One theme that Pickard turns to repeatedly is the idea that “positive rights,” as he calls them, should be regarded as important as “negative rights” when thinking about media policy. What are negative rights? As Pickard describes them, they protect a media owner from government regulation, something that has come to be seen in many circles as guaranteed by the First Amendment.

But negative rights matter a great deal, as they involve First Amendment protections such as the freedom not to be censored, protection against abusive libel cases and the right not to have limits put on political speech, including the endorsement of candidates. Unfortunately, endorsements are already endangered given the increasing prominence of nonprofit news organizations, which are prohibited from boosting candidates as a condition of keeping their tax-exempt status.

By contrast, positive rights, in Pickard’s formulation, involve the public’s right to a diverse, democratic media. Here’s how he describes it: “True inclusion means that communities are not only receiving high-quality news, but are also deeply engaged in the news-making process itself. Community members should be involved in the governing process and empowered to organize their own newsrooms and collaborate in participatory journalism. Community engagement in the news-making process is the best way to create a new kind of journalism, one that is accountable and trustworthy.”

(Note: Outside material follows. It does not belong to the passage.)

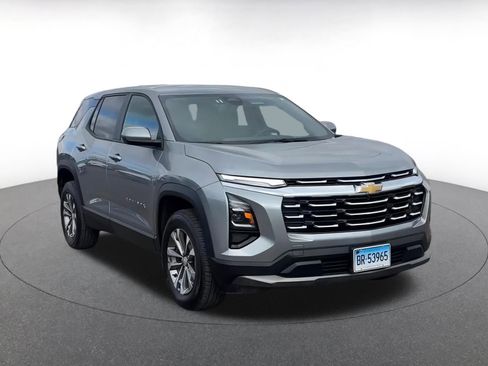 Used 2025 Chevrolet Equinox LT image 3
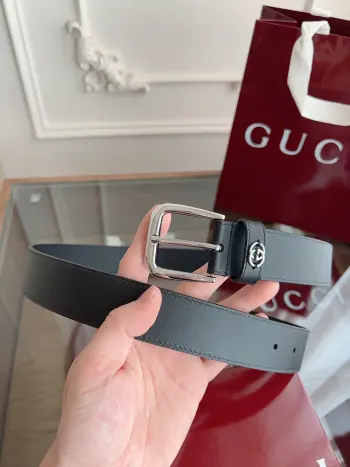 <p> Gucci 专柜同款 进口意大利牛皮 原版进口平纹底衬里 搭配纯铜五金带扣 纯进口机械车线 工艺精细 原单品质 宽度3.5CM</p>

This sounds worthy, but I’m concerned about what it would look like in practice. A strong news organization is often the result of one person’s vision, or that of a small group of people. Opening things up to democratic governance runs the risk of lowest-common-denominator journalism in which some members of the community demand that certain stories be covered, or not covered, because of individual or group sensitivities.

That’s a potential hazard with cooperatively owned news organizations, an idea that Pickard supports. I’m currently tracking The Mendocino Voice, a digital news outlet that is transitioning to the co-op model. I’m interested to see if they can pull it off, and I wish them well. But a healthy news ecosystem requires different models — for-profit, nonprofit, co-ops, volunteer projects and the like. On several occasions Pickard suggests that we’ve hit the limit with regard to for-profits and even traditional nonprofits. I’m not willing to go that far.

Where I would agree wholeheartedly with Pickard is that our public media system is woefully underfunded. Not only does Pickard document the exponentially greater sums spent on public television and radio in virtually every other Western democracy, but he also comes up with the perfect anecdote to illustrate his point: he tells us the federal government’s annual contribution to PBS — about $445 million a year — is considerably less than the $626 million the Pentagon spends on its public-relations office.

A well-funded PBS and NPR, insulated from political pressure, Pickard says, could go a long way toward solving the local-news crisis by ramping up coverage of communities that have been abandoned by legacy newspapers.

“Transforming the U.S. media system into a democratic force,” Pickard writes in conclusion, “requires a robust policy program of regulating or breaking up information monopolies, creating public alternatives to commercial news media, and empowering media workers, consumers, and communities to engage with and create their own media.”

The journalism crisis has been with us for a decade and a half, and it’s only become more acute over time. The coronavirus pandemic underscores two realities: we need local news, and there may be no reliable way to pay for it through traditional market forces.

Pickard outlines one set of possible solutions. Policymakers would do well to consider his ideas — and to act before the news we need to govern ourselves becomes one more victim of the virus that is currently upending our way of life.